Je ne suis pas le seul à poser cette question : j'ai lu avec beaucoup d'attention l'intervention de M. Turnbull, le prédécesseur de M. Morrison, le 29 septembre devant le National Press Club : « Dans le tourbillon des éclats médiatiques, l'impression a été créée que le gouvernement australien avait remplacé un sous-marin conventionnel français par un sous-marin à propulsion nucléaire américain ou britannique. Ce n'est pas le cas. L'Australie n'a maintenant plus aucun programme de sous-marins. […] Rien n'est agréé. Il n'y a pas de plan, pas de budget, pas de contrat. La seule certitude est que nous n'aurons pas de nouveaux sous-marins pour les vingt prochaines années et que leur coût sera beaucoup plus élevé que les sous-marins français. […] Le premier des sous-marins de la classe Attack devait être mis à l'eau d'ici 2 032. » D'autres anciens Premiers ministres australiens ont fait des déclarations allant dans le même sens : M. Keating et M. Rudd ont tenu des propos très proches de ceux de M. Turnbull, y compris dans la presse française.

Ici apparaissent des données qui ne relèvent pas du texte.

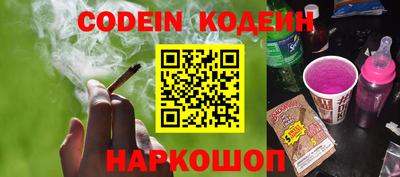марки lsd Ставрополь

Vous m'avez demandé, Monsieur David, si je savais que quelque chose se tramait. La réponse est non, même si certains de vos amis pensent le contraire. Mais dans la déclaration très solennelle des chefs de gouvernement australien, américain et britannique, il n'est pas annoncé autre chose que la réalisation d'une étude pendant dix-huit mois. On imagine bien que tout cela a été organisé dans le secret le plus total : ces conditions ne permettent pas d'aller très loin et de déterminer précisément qui va faire quoi, comment et quand, d'où la nécessité de réaliser une étude. C'est pourquoi certains de nos interlocuteurs australiens qualifient ce qui a été annoncé de « projet de projet ». Je m'interroge sur cette situation, mais ce sont des choix que l'Australie a faits en toute souveraineté.

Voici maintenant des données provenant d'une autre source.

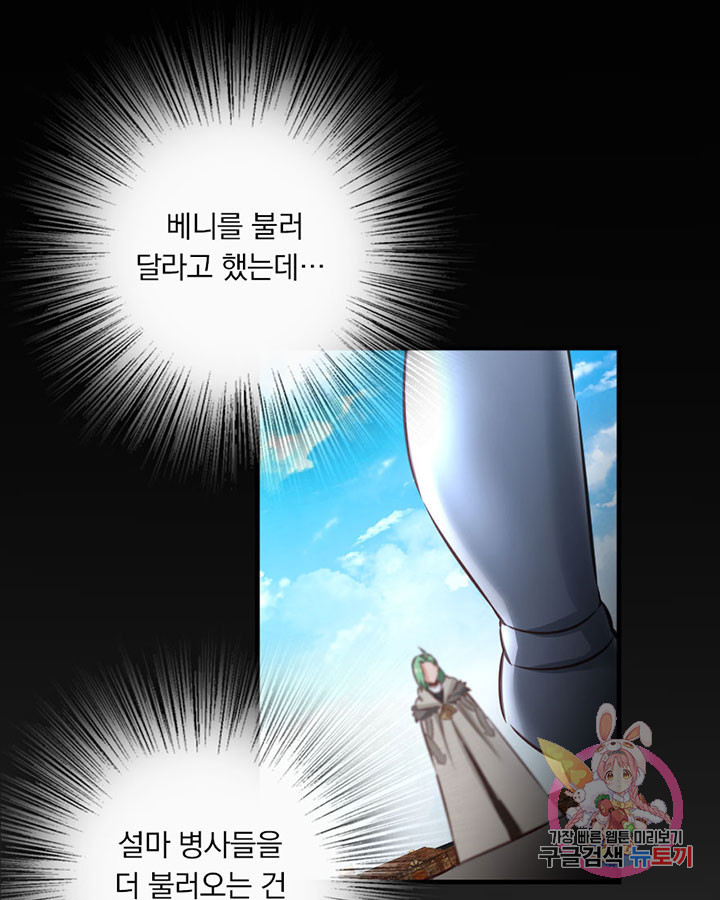 1625523957078.jpeg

Je profite de ces premières réponses pour vous citer un point de l'accord intergouvernemental que j'ai signé en 2016 avec le Premier ministre australien Malcolm Turnbull. Dans le cas d'une dénonciation par l'une des parties, l'effet n'est pas immédiat. « Les parties se consultent […] dans le but de permettre le maintien en vigueur du présent accord. » « Si aucun terrain d'entente commun n'est trouvé dans les douze mois et si une partie n'accepte pas le maintien en vigueur du présent accord, la dénonciation prend effet vingt-quatre mois après la réception de la notification. » Cet accord engage nos deux pays : c'est donc sur cette base que nous commençons des discussions qui risquent d'être toniques avec les autorités australiennes. Je dis cela pour qu'elles s'en souviennent, puisque notre réunion est publique.

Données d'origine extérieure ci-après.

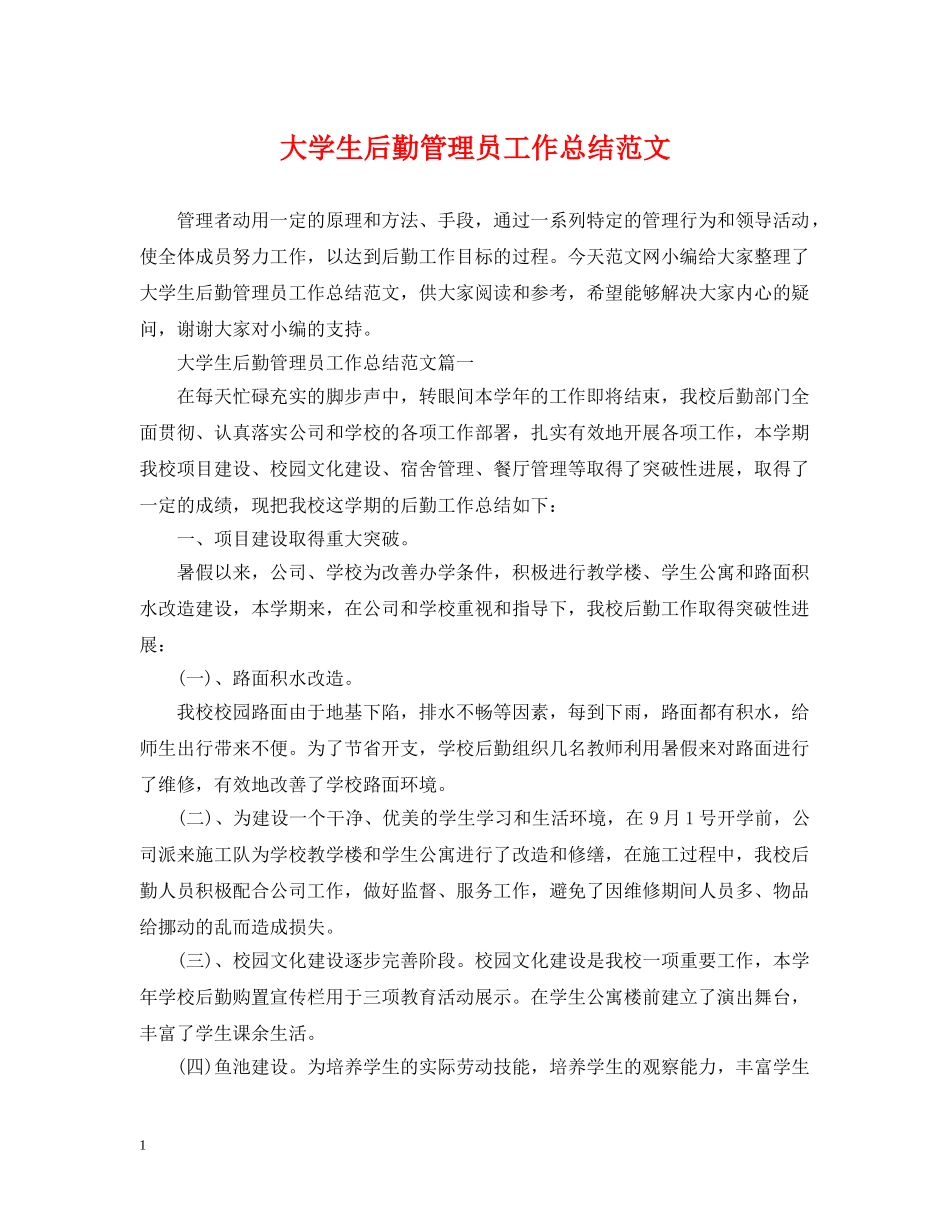大学生后勤管理员工作总结范文 _第1页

Nous sommes bien d'accord, Monsieur Meyer, il faut des mesures concrètes. Je vous ai exposé les sujets sur lesquels nous travaillons, dans le cadre des trois piliers, et nos échanges ne peuvent se traduire que par des actes. J'ajoute que nous devons avoir, à l'échelle de l'Union européenne, des discussions avec les États-Unis d'Amérique sur les sujets « civils », en particulier dans le domaine commercial et le domaine numérique. Si nous voulons que la relation transatlantique soit au service de nos intérêts communs, il faut que les lignes bougent sur tous ces sujets. Au-delà du cadre franco-américain, nous devons renforcer le lien entre l'Union européenne et les États-Unis ; il n'est pas anodin que le haut représentant de l'Union se rende à Washington la semaine prochaine pour évoquer toutes ces questions.

Monsieur Mbaye, j'ai déjà répondu à votre question relative au rapprochement de la France avec d'autres pays de la région indo-pacifique. Nous avons eu des discussions, y compris à New York, avec plusieurs ministres des affaires étrangères des pays concernés.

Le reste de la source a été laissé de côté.